#### RECORDS FOR PROCESSING:
◇ ◇ ◇ ◇ ◇ ◇ ◇
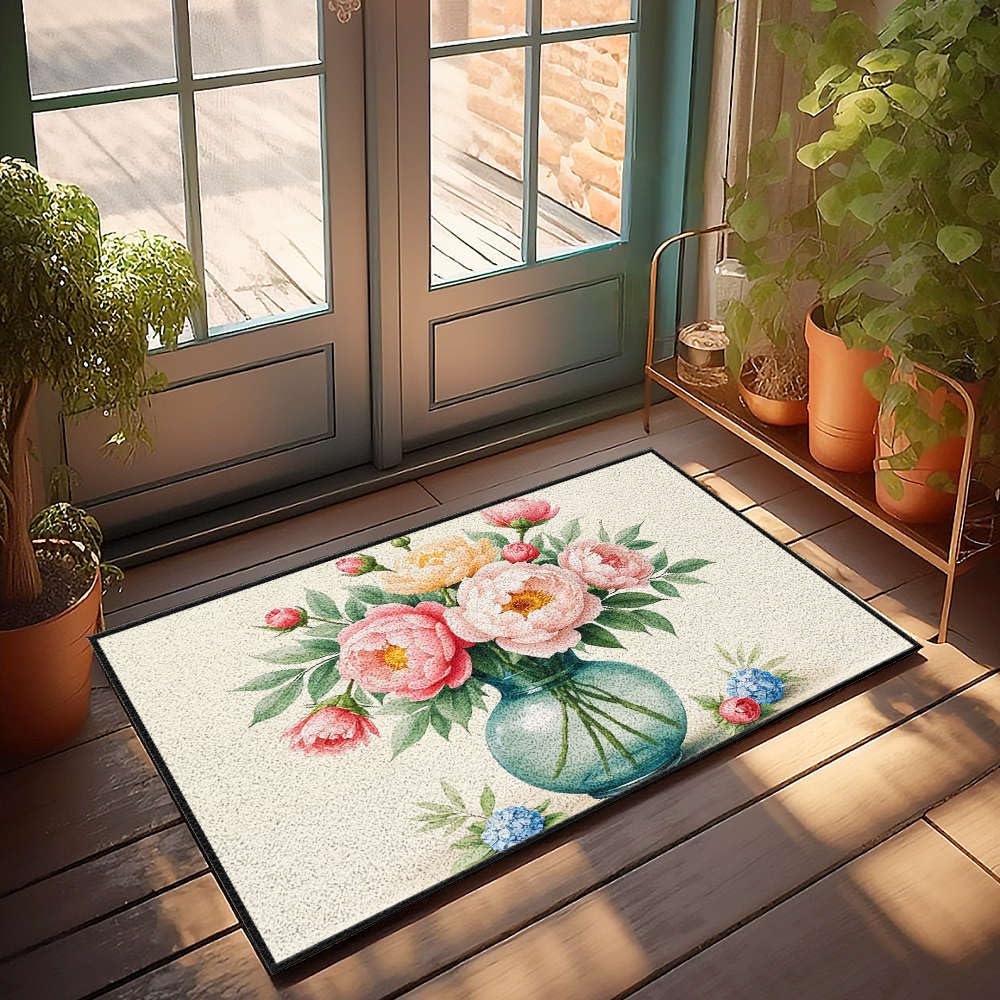 Bouquet de fleurs colorées paillasson décoratif vase bleu pour entrée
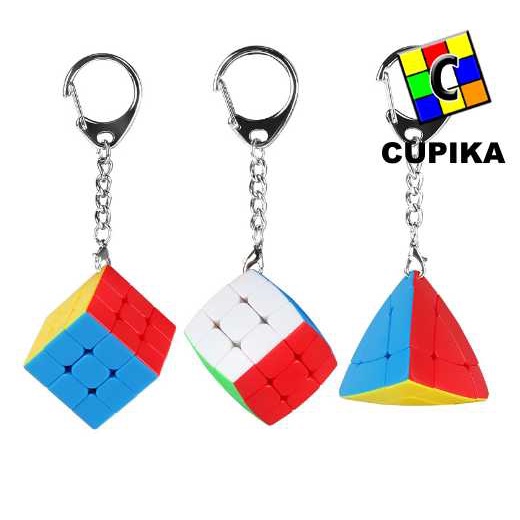 Rubik Keychain Shengshou 3x3x3 Stickerless KOTAK Gantungan Kunci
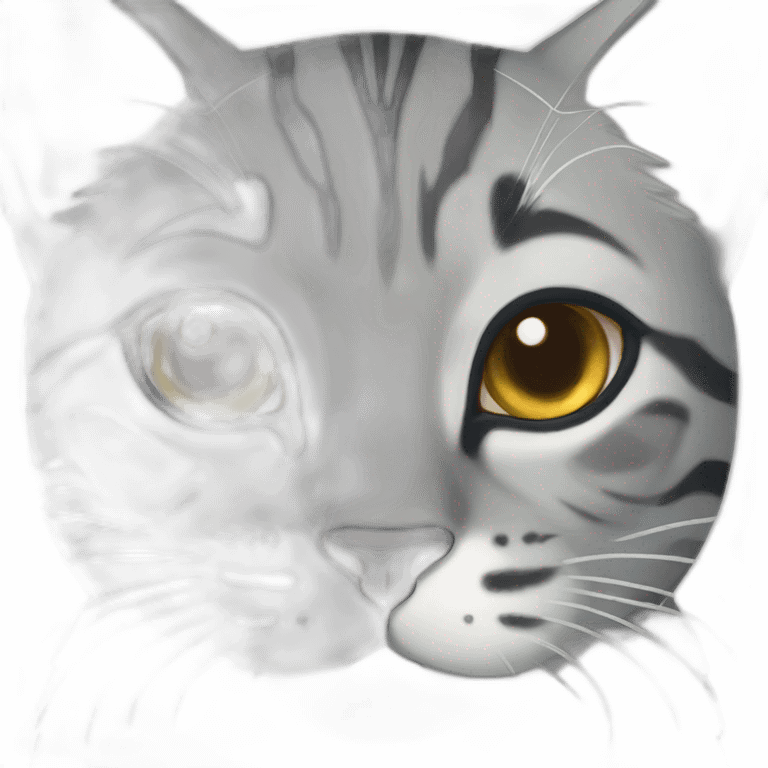 Grey big cute bengal cat grey eyes emoji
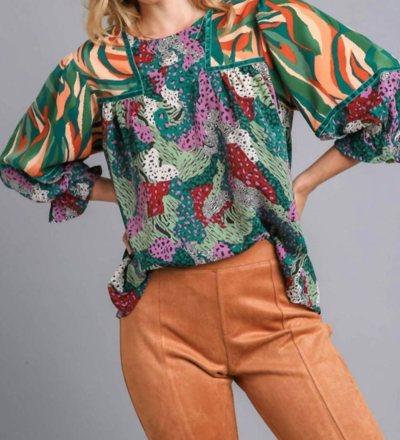 Umgee Leppo Mixed Media Top In Multi In Green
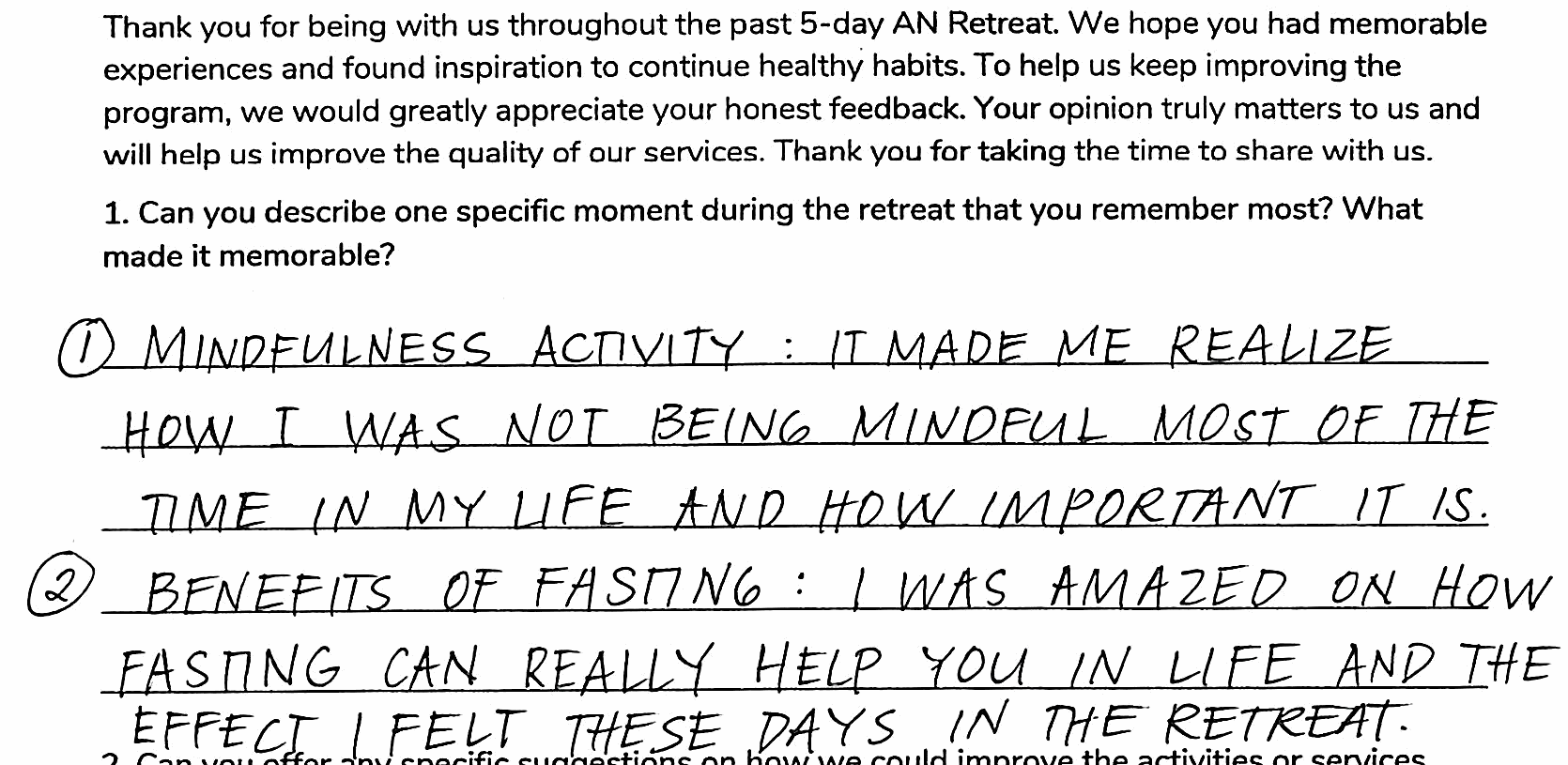 Handwritten excerpt from Raymond Joseph M. Quilendrino's An Retreat feedback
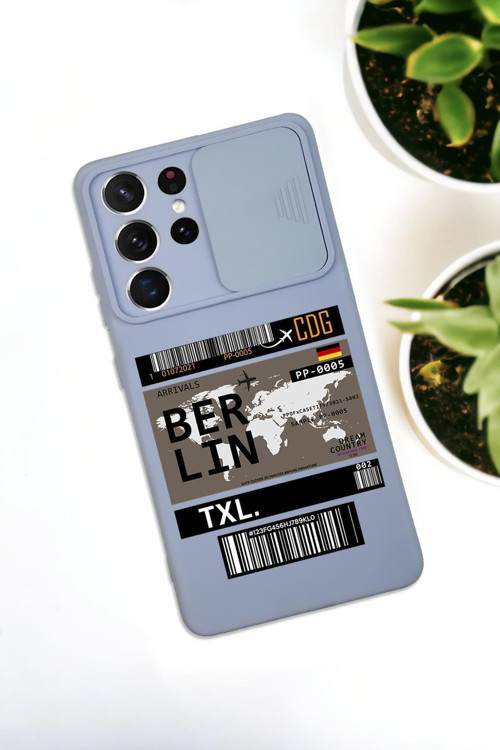 Samsung S21 Ultra Uyumlu Berlin Ticket Desenli Kamera Koruma Slider Kapaklı Silikonlu Telefon Kılıfı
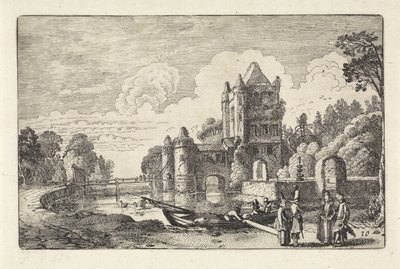 Landskap med Amsterdam-porten i Haarlem Landskap (serietittel) Amenissimae aliquot requculae (serietittel) av Jan van de Velde (II)
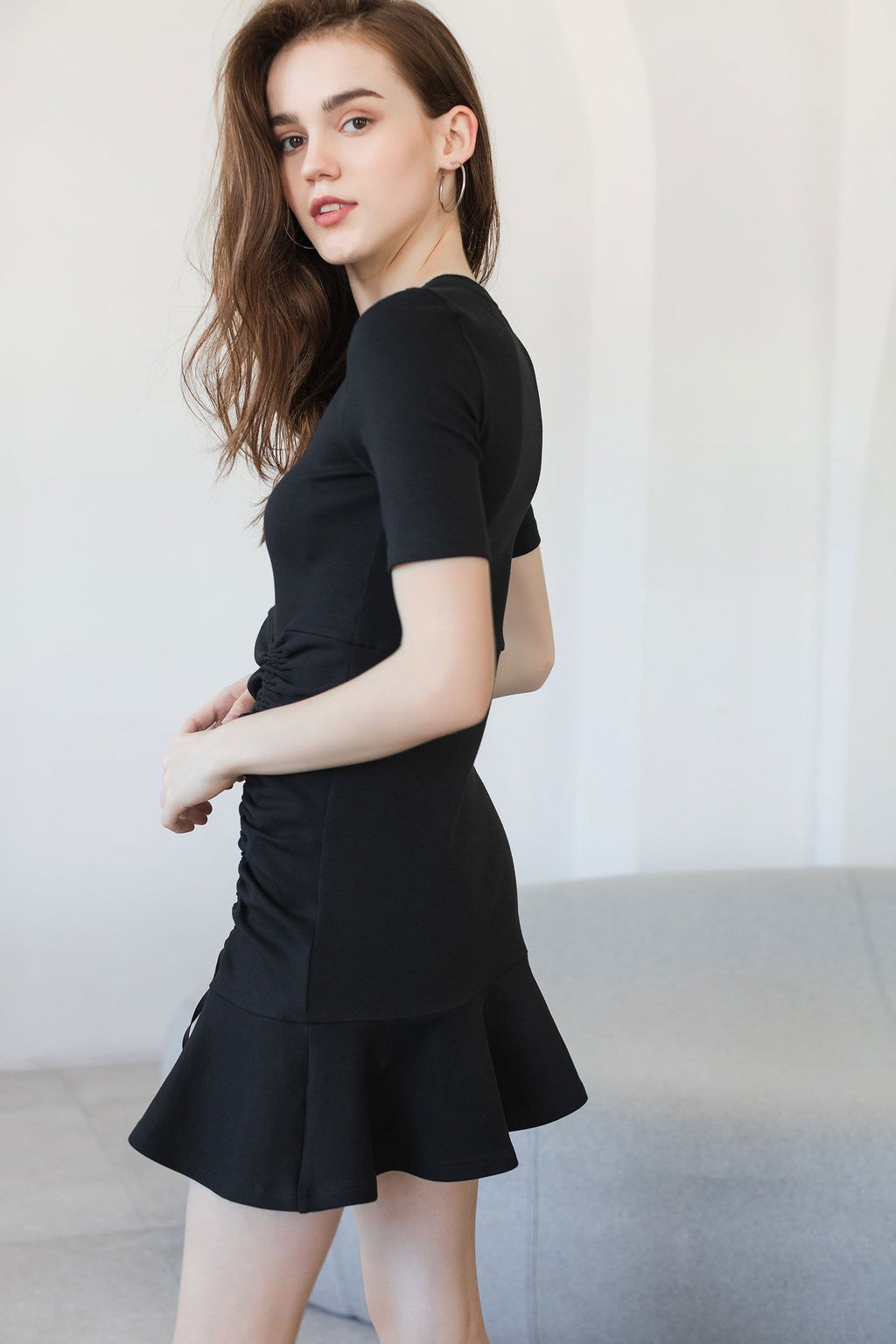 Short Sleeve Round Neck Side Ruched Drawstring Flounce Hem Mini Dress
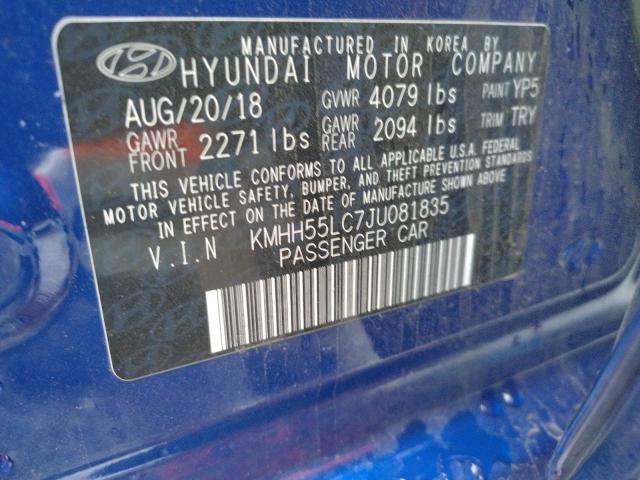 KMHH55LC7JU081835 - 2018 HYUNDAI ELANTRA GT SPORT BLUE photo 12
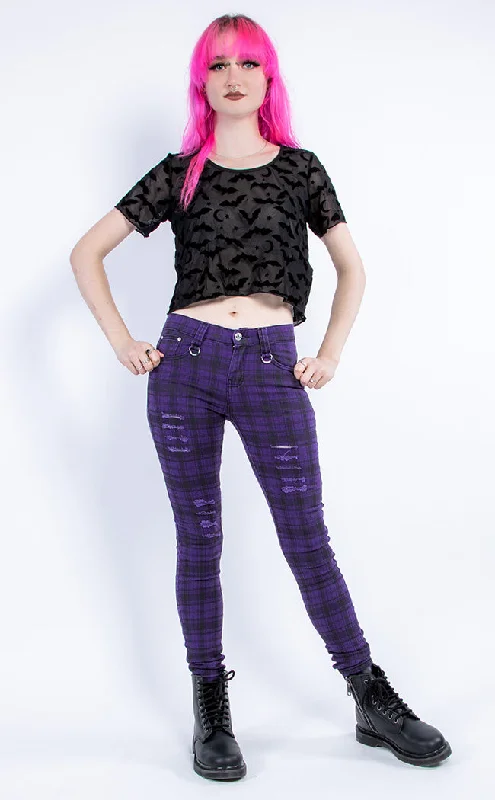 Move On Up Tartan Jeans | Purple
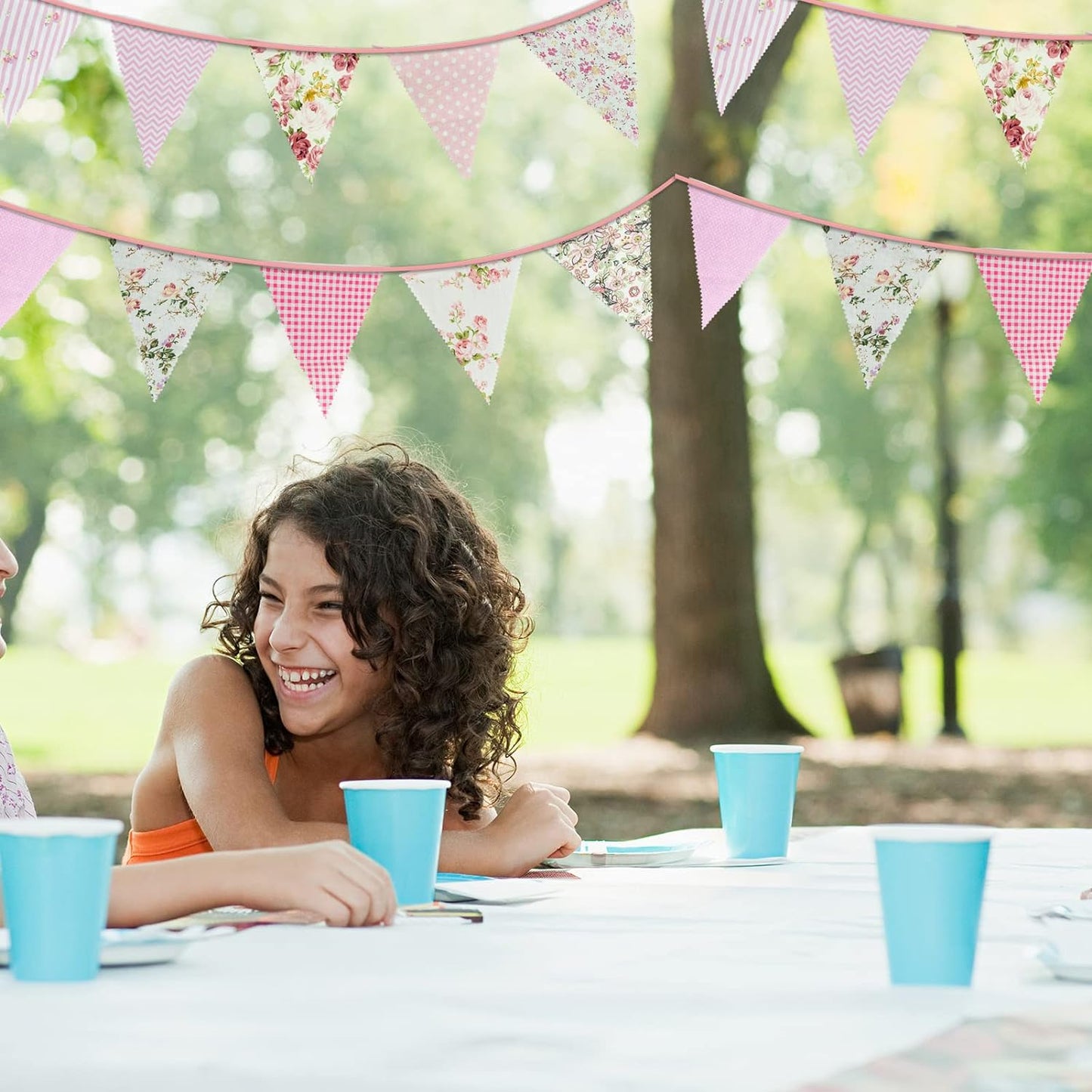 Pink Vintage Print Bunting 10m with 20 Pennants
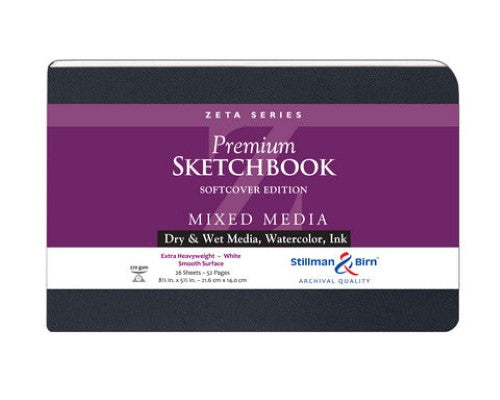 Premium 8.5x5.5 inch ZETA Softcover Sketchbook with 270gsm pages, perfect for wet and dry media, ideal for artists.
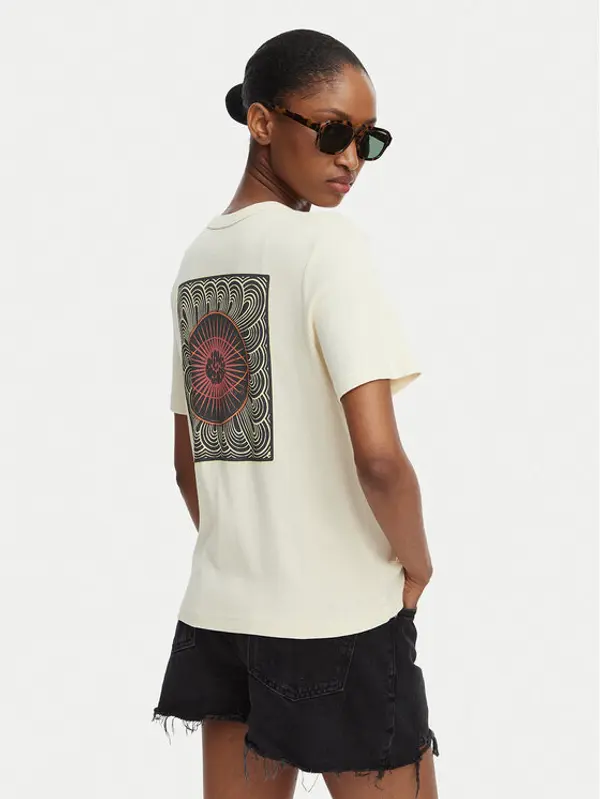 RVCA RVCA T-shirt Daily 23B351502 Krem Regular Fit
◇ ◇ ◇ ◇ ◇ ◇ ◇
#### INSTRUCTIONS FOR THE TASK:
Extract, verbatim and alone, the lines from the line that contains "Premium 8.5x5.5 inch" to the last line of the records, inclusive; drop any picture.

#### RESULT FOR THIS EXERCISE:
 Premium 8.5x5.5 inch ZETA Softcover Sketchbook with 270gsm pages, perfect for wet and dry media, ideal for artists.
 RVCA RVCA T-shirt Daily 23B351502 Krem Regular Fit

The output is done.